My first experience with this series was in London with the episode "Whale Killer". I knew then that this was something I wanted to see when it came across the "pond", and it was something I wanted to buy. It was a little disappointing that Stockard Channing, not Avery Brooks, narrated the Discovery Channel version, but she does a fair job. However, one would be better off buying the video version than taping the series off Discovery.
The video version is the original version that aired in the UK, with Kenneth Branagh's original narration. As with "Walking with Dinosaurs", Branagh's narration is greatly superior to Channing or Brooks', though one has to remember that Branagh isn't working with a script written for a version that is chopped up to accomidate the slighty stricter US censors and commercial time. And the video has the *complete*, uncut episodes from the original BBC airing. The animation continues from "Dinosaurs" and appears just as realistic, despite the added difficulty of rendering fur and feathers!

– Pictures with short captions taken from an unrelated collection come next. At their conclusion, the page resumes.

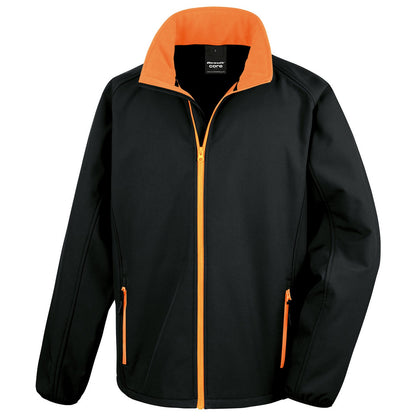 Black-Orange - Front - Result Core Mens Printable Soft Shell Jacket
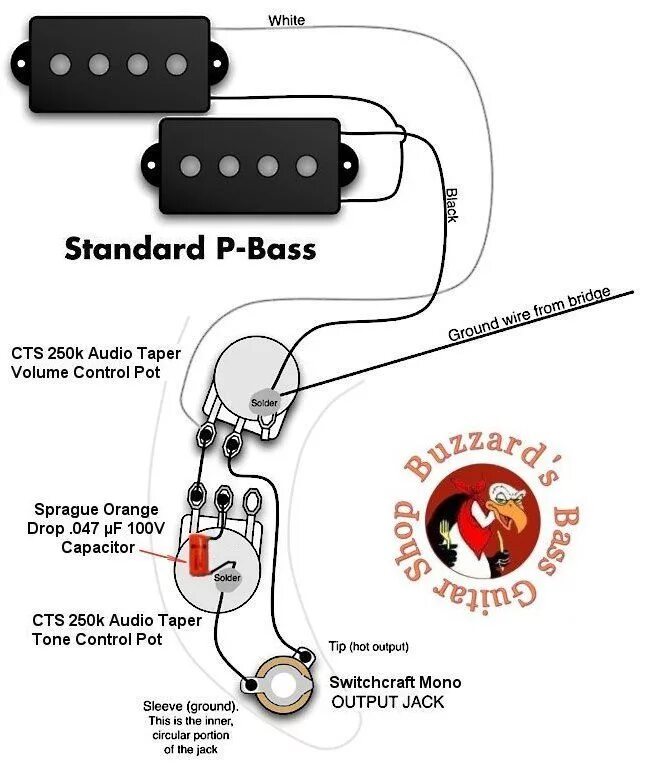 Распайка джаз бас P-Bass Wiring Diagram Bass guitar, Fender precision bass, Guitar diy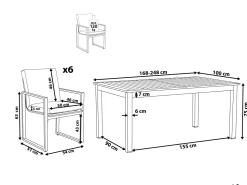 Gartenmöbel Set Aluminium Dunkelgrau 6-Sitzer Pancole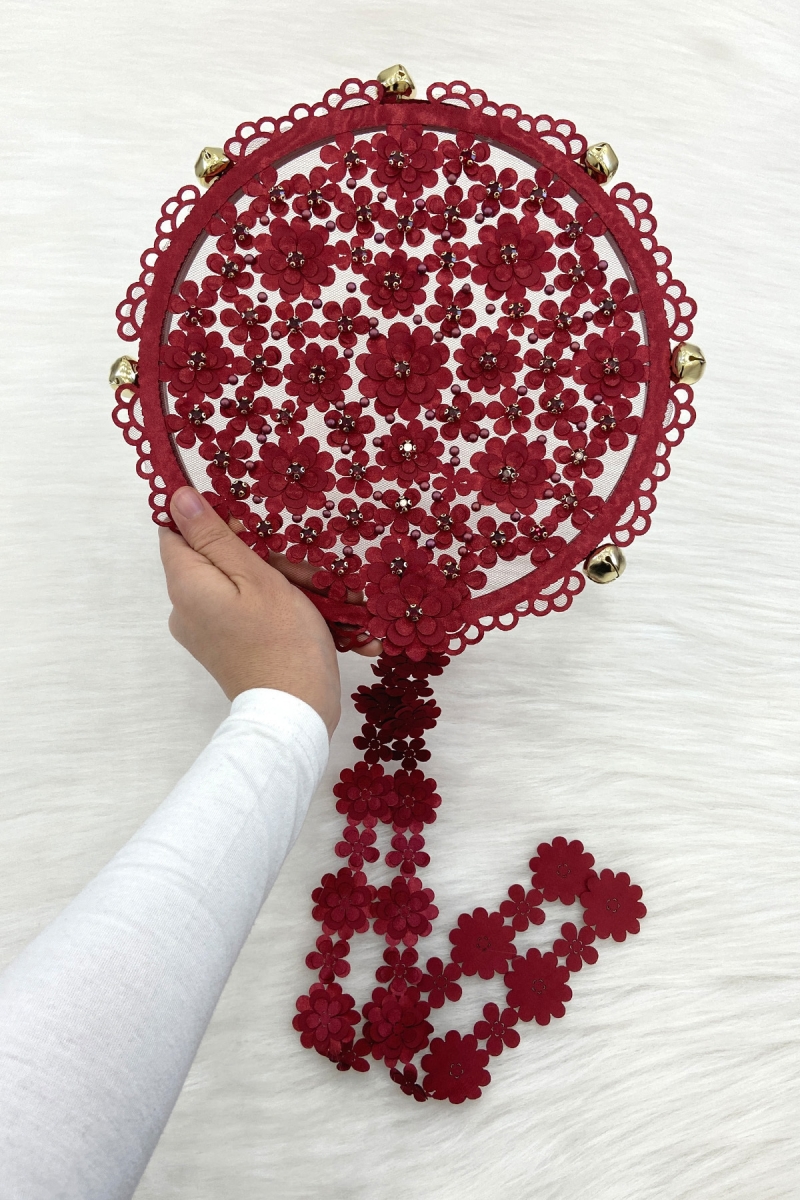 Bordo Çiçekli Parlak Taşlı Gelin Tefi, Düğün Kına Söz Sünnet Bekarlığa Veda Bride Zilli 25cm, 1 Adet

Although this is a excellent series, there are certain flaws that prevent the series from getting five stars. The animatronics continue to be, IMHO, of a lesser quality than the animation; they still look like rubber puppets. This is perhaps at it's most glaring in the fourth episode, with the early humans. The humans in that episode, despite more than adequate animation, just don't "feel" real, either animated or animatrionic. In fact, in my opinion, the primates featured in this series look more like animated characters than real animals. Only the Neanderthal and Cro-Magnon humans have any semblance of realism, and only because they are portrayed by actors.
The extras featured in the DVD make this series even more worthwhile. Included on the second disc are the two "Making of..." hour-long episodes. Also on the disc are interviews with the creators of the series, stats on the animals featured in the series, and various images of the animals.
All in all, "Walking with Prehistoric Beasts" is an excellent follow-up to "Dinosaurs", despite the technical flaws. Once again, Tim Haines proves why Framestore is to televison what Industrial Light and Magic is to movies. I hope that Haines and company will follow up this series with episodes of the animals from *before* the age of dinosaurs, though, from the previews I've seen, I hold no hope for "Walking with Cavemen"!